By the time we stopped and asked again it was sundown and we were at least ninety minutes off course. We had a few moments of panic. as we tried to find someone to ask for help. We found a police station, but it was behind barbed wire and looked very closed up for Saturday evening. We drove a little further and found a gas station and decided to stop and ask for directions at our own risk.

It turned into a lesson in South African helpfulness. The gas station attendant was in appropriately dirty clothes with very crooked or missing teeth, and he spoke what initially seemed to be simple, heavily accented English. It looked dubious at best that we would get reliable directions from this guy, but we were out of other options.
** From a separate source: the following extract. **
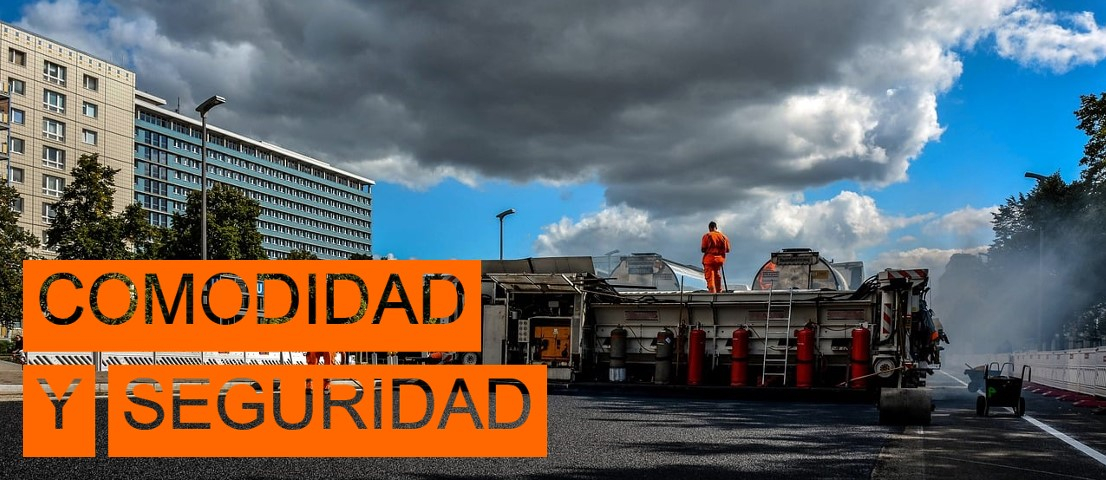 Escena de una obra de construcción de carreteras. A la izquierda de la imagen se pueden ver edificios altos y algunos árboles, la parte derecha de la imagen está cubierta por una fuente de agua. En el borde inferior izquierdo de la imagen se encuentran las palabras “Comodidad y Seguridad” en letras recortadas con un fondo naranja.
We showed him where we were trying to get and started working through the communication of where we were and where we were trying to get. It was at that moment that he did one of the most reassuring things he could have done: he pulled out a Blackberry.

I’m not sure I can describe to you how out of place a Blackberry looked at the roadside gas station with pumps I haven’t seen since the 1970’s and this man that looked more back country than techie. It was definitely a defining this is Africa moment for me, and a lesson in not only willingness to help but also how technologically advanced South Africans are, even in little Baltimore, South Africa.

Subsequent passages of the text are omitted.